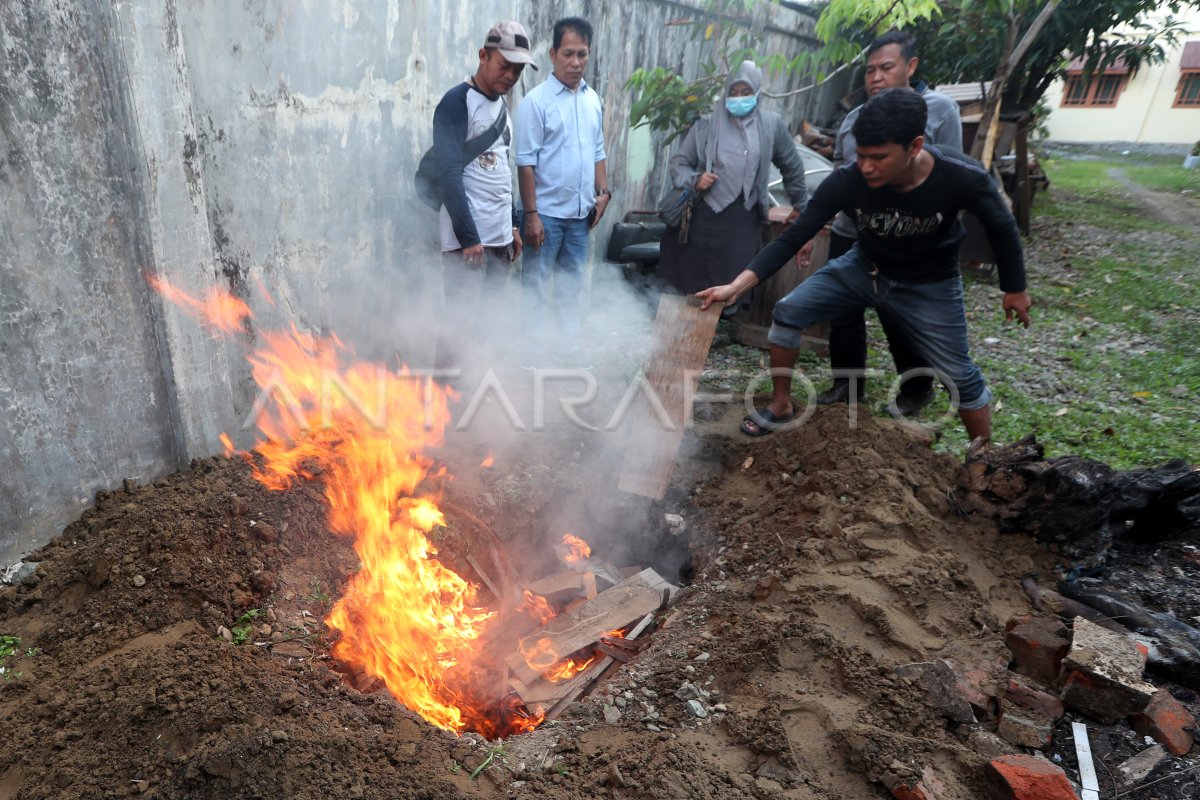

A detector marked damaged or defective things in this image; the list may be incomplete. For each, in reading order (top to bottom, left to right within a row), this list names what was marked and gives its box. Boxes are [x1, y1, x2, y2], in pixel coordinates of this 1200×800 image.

broken brick [993, 700, 1051, 753]
broken brick [1003, 614, 1070, 681]
broken brick [1008, 676, 1065, 719]
broken brick [1065, 618, 1156, 724]
broken brick [1128, 690, 1195, 753]
broken brick [984, 758, 1080, 800]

*Work item*.
Leave the pictures out, and print every line of the listing exactly as written.

*Reply to the task*.
A detector marked damaged or defective things in this image; the list may be incomplete. For each, in reading order (top to bottom, left to right within a row), this list names what was marked and gives its box. Boxes are [x1, y1, x2, y2], in pixel coordinates of this 1200×800 image.

broken brick [993, 700, 1051, 753]
broken brick [1003, 614, 1070, 681]
broken brick [1008, 676, 1065, 719]
broken brick [1065, 618, 1156, 724]
broken brick [1128, 690, 1195, 753]
broken brick [984, 758, 1080, 800]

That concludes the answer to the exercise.